Nel caso in esame va invece considerato se il “tradimento” consistito in una relazione platonica e virtuale su un social network sia stato messo in atto con una persona che abita in un luogo lontano, se non ha mai implicato incontri diretti, e soprattutto se non è mai sfociato in rapporti sessuali, mantenendo quindi la “storia” nei limiti della riservatezza sociale. Si rinviene una pronuncia specifica della Cassazione a tale proposito che qui preme richiamare; la S.C. assume infatti come: “l’addebito non può discendere da una relazione platonica e svolta in modo da non recare alcuna offesa alla dignità ed all’onore del marito per le modalità discrete con cui si era svolta. Nella specie – afferma la Suprema Corte – i giudici d’appello hanno correttamente escluso che lo scambio interpersonale, extraconiugale, avesse potuto assumere i concreti connotati di una relazione sentimentale adulterina e, comunque, fosse traducibile in contegni offensivi per la dignità e l’onore del marito. Il legame intercorso tra la moglie e l’estraneo, infatti, si era rivelato platonico e si era sviluppato solo telefonicamente o via internet, data anche la notevole distanza tra i luoghi di rispettiva residenza. Tra l’altro non era stato provato in giudizio il coinvolgimento sentimentale di lei, sebbene fosse stata prodotta una lettera d’amore che dimostrava ineluttabilmente l’infatuazione di lui” (cfr. Cass. N. 8929/2013).

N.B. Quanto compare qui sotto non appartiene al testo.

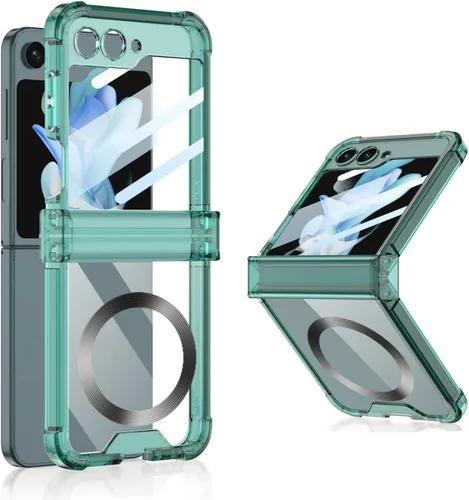 Miniatura 11 de Funda magnética integrada con protector de pantalla para Samsung Galaxy Z Flip 5 4, compatible con MagSafe, protección de bisagra completa, funda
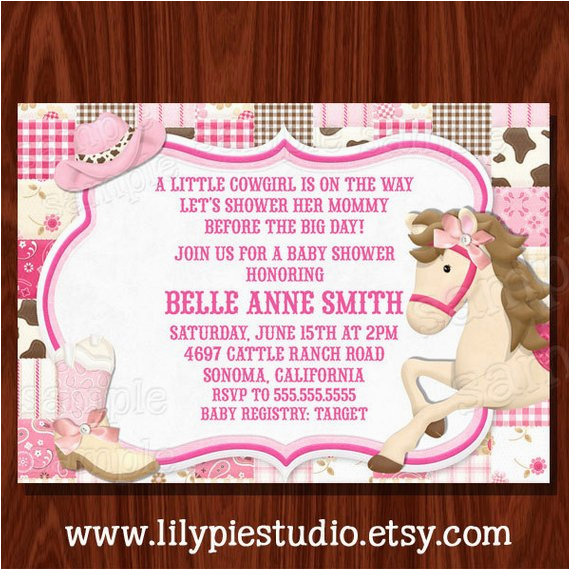 new cowgirl themed baby shower birthday invitation by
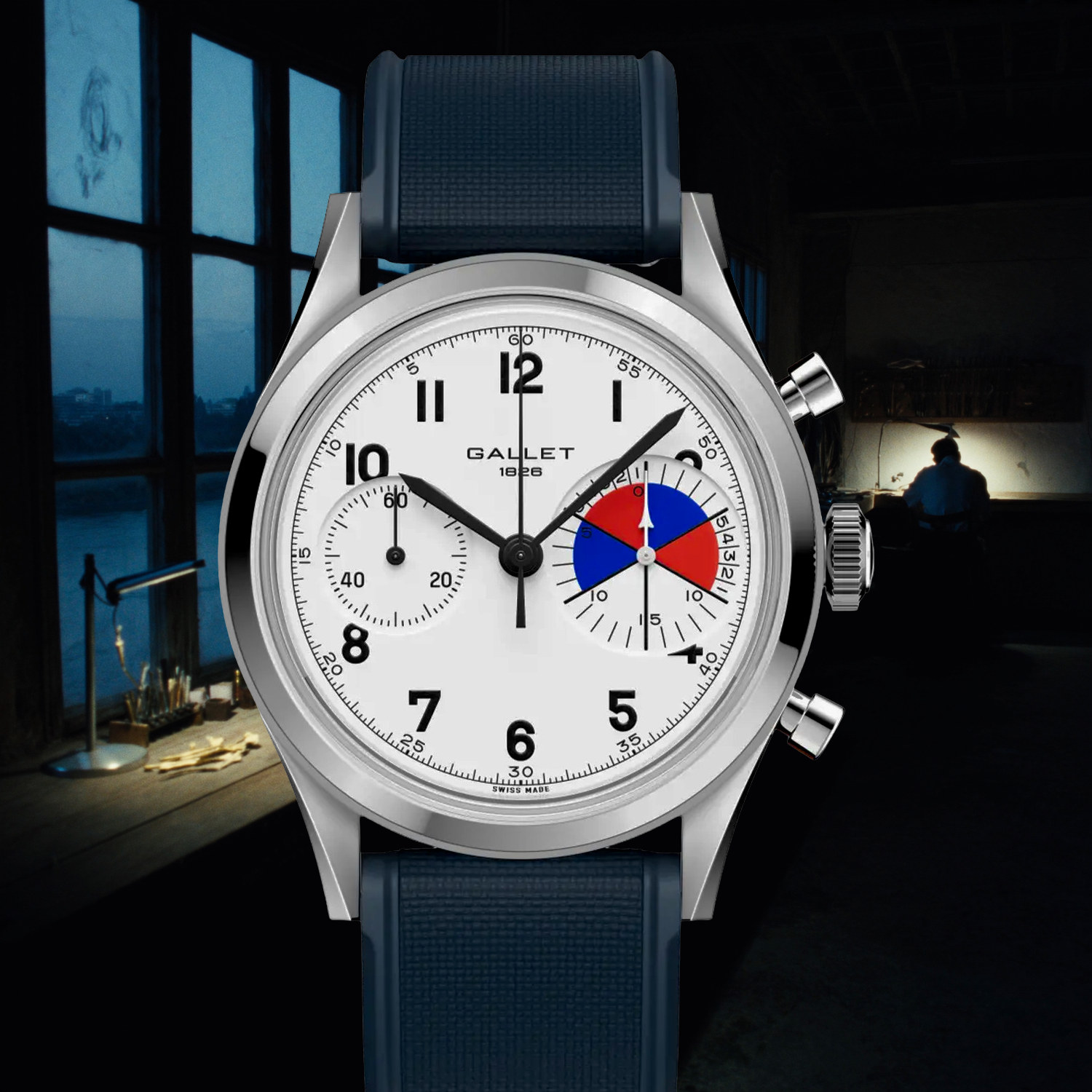 Montre Gallet Classics Tribute to Yachting Big Eye 38 mm, devant un établi d'horloger éclairé en fin de journée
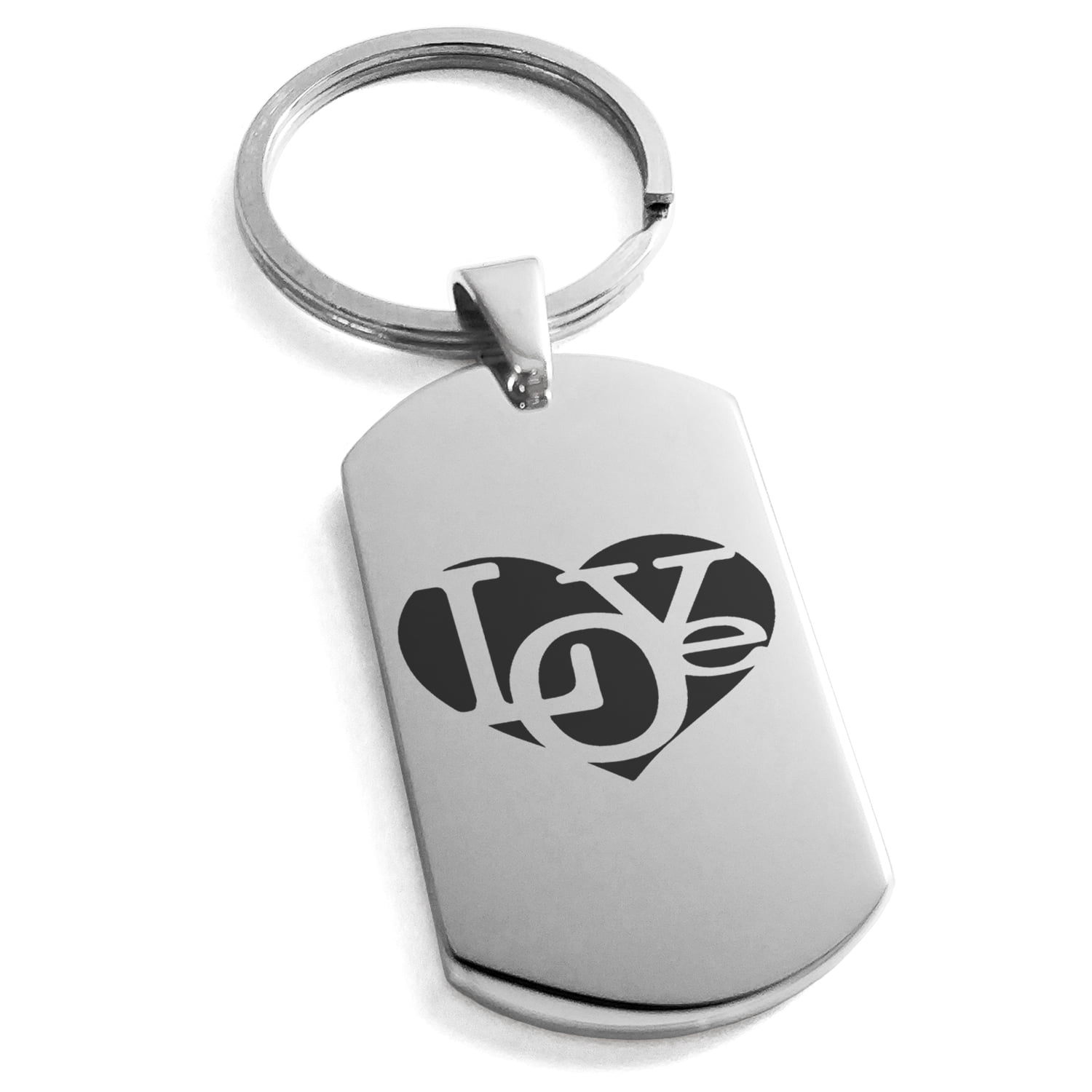 Stainless Steel Iconic Love Heart Engraved Dog Tag Keychain Keyring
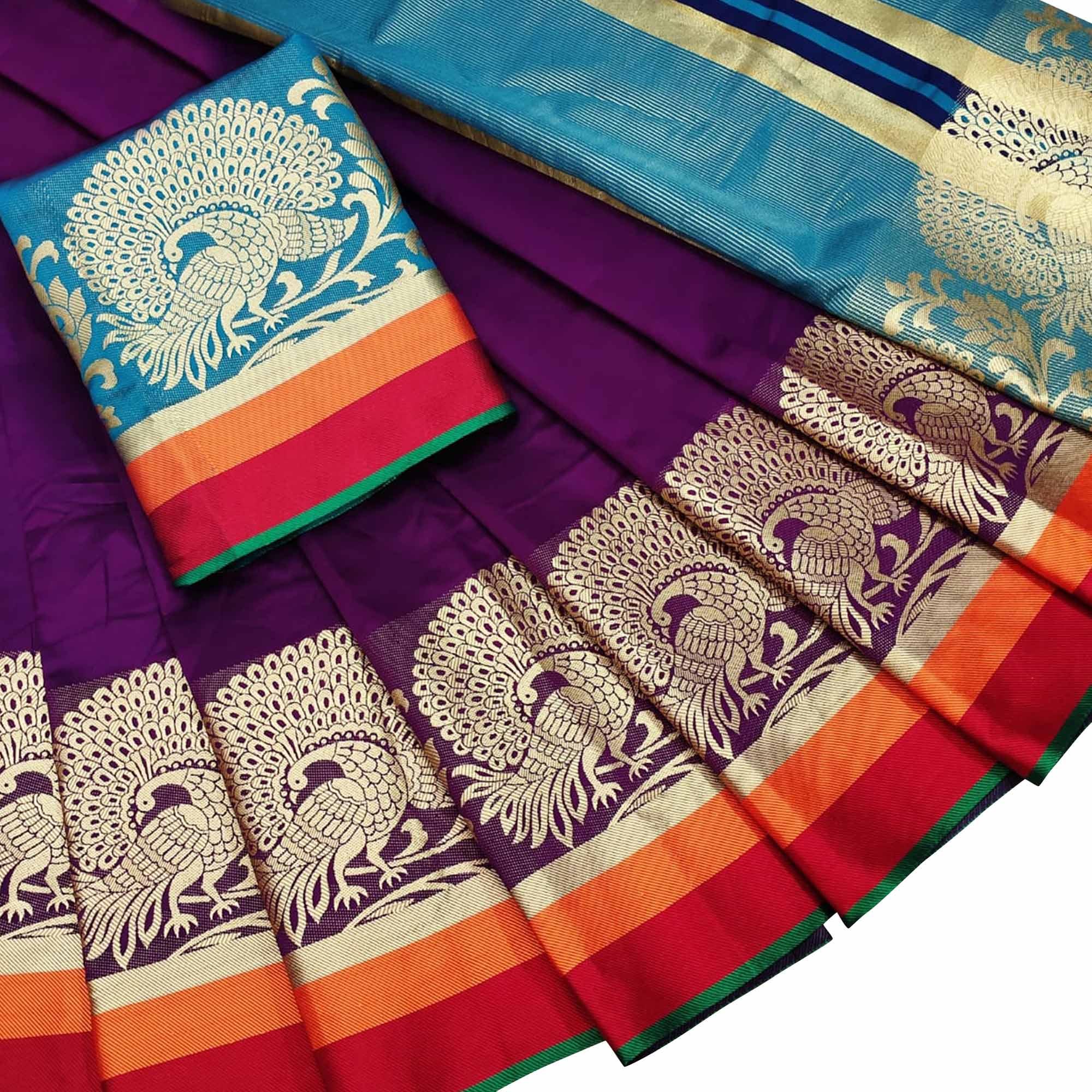 Glowing Purple Colored Festive Wear Woven Silk Saree - Peachmode
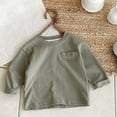 thumbnail image 5 of Toddler Baby Boy Girl Basic Solid Organic Cotton T Shirts Tops Long Sleeve Tee Shirt Girls Clothes For 0 2Y, 5 of 6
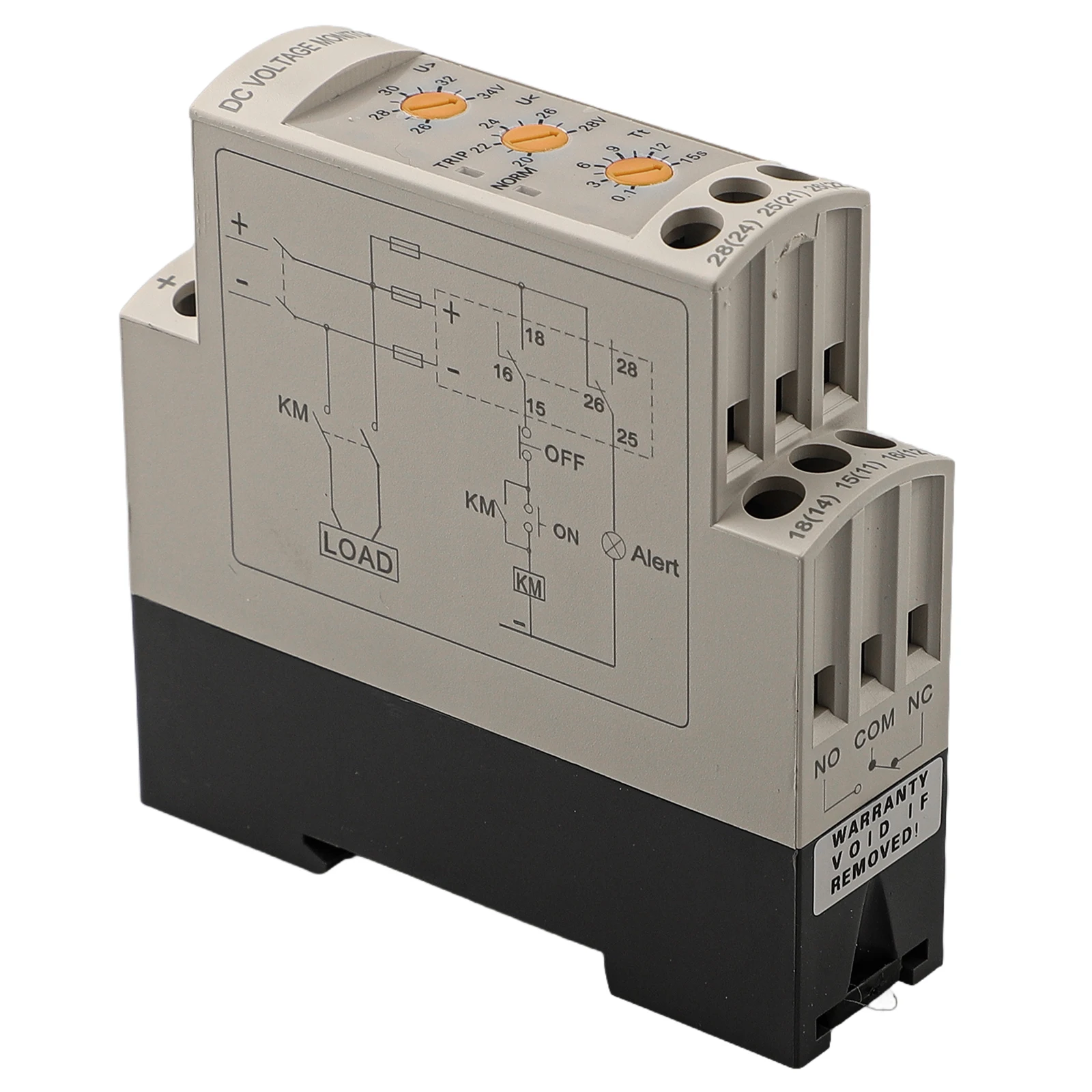 Dual Display Adjustable Over-and Undervoltage Relay Protector DC12V24V36V48V Overvoltage And Overcurrent Protection DIN Rail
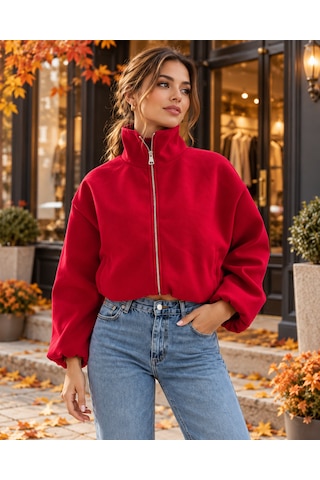 Firesh Ruby Red Kırmızı Dik Yaka Fermuarlı Balon Kol Mont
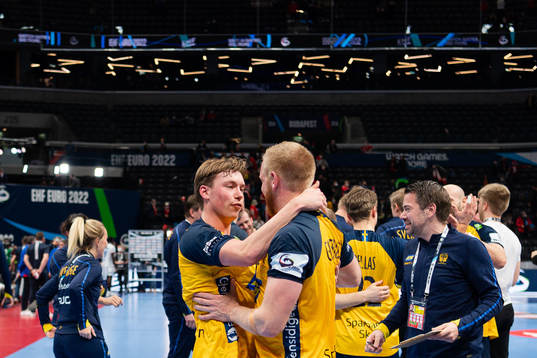 Valter Chrintz and Jim Gottfridsson of Sweden celebrate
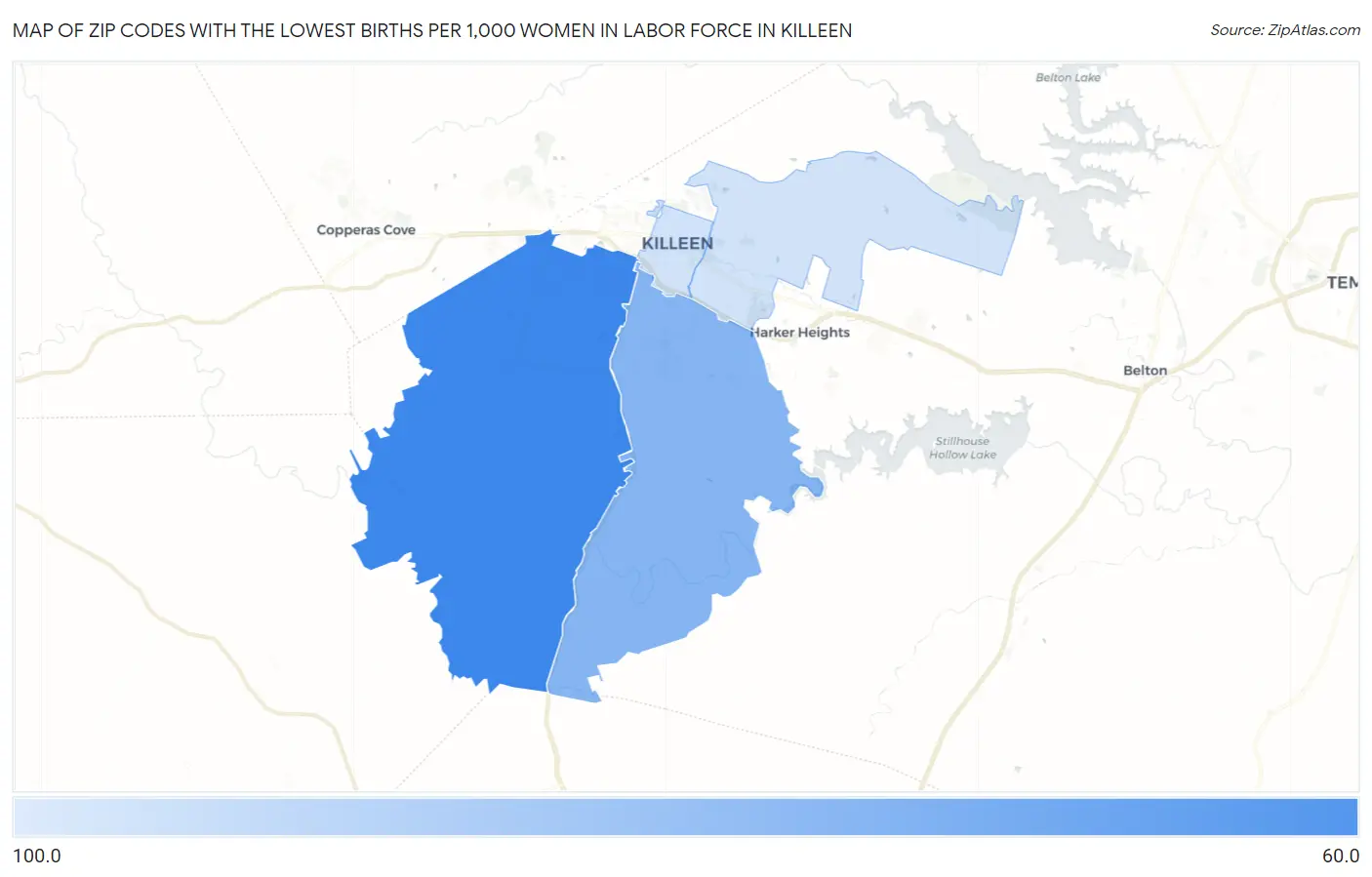 Zip Codes with the Lowest Births per 1,000 Women in Labor Force in Killeen Map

La Corte di Cassazione con la citata sentenza ha quindi dimostrato altresì di essersi “messa al passo con i tempi” considerando nelle proprie valutazioni in ordine all’addebitabilità della separazione, un ulteriore e più “originale” fattore, ossia la facilità di comunicazione offerta dalle comunicazioni via internet e le molteplici occasioni di comunicazione che il canale telematico consente, avvallando ulteriormente il proprio già consolidato orientamento.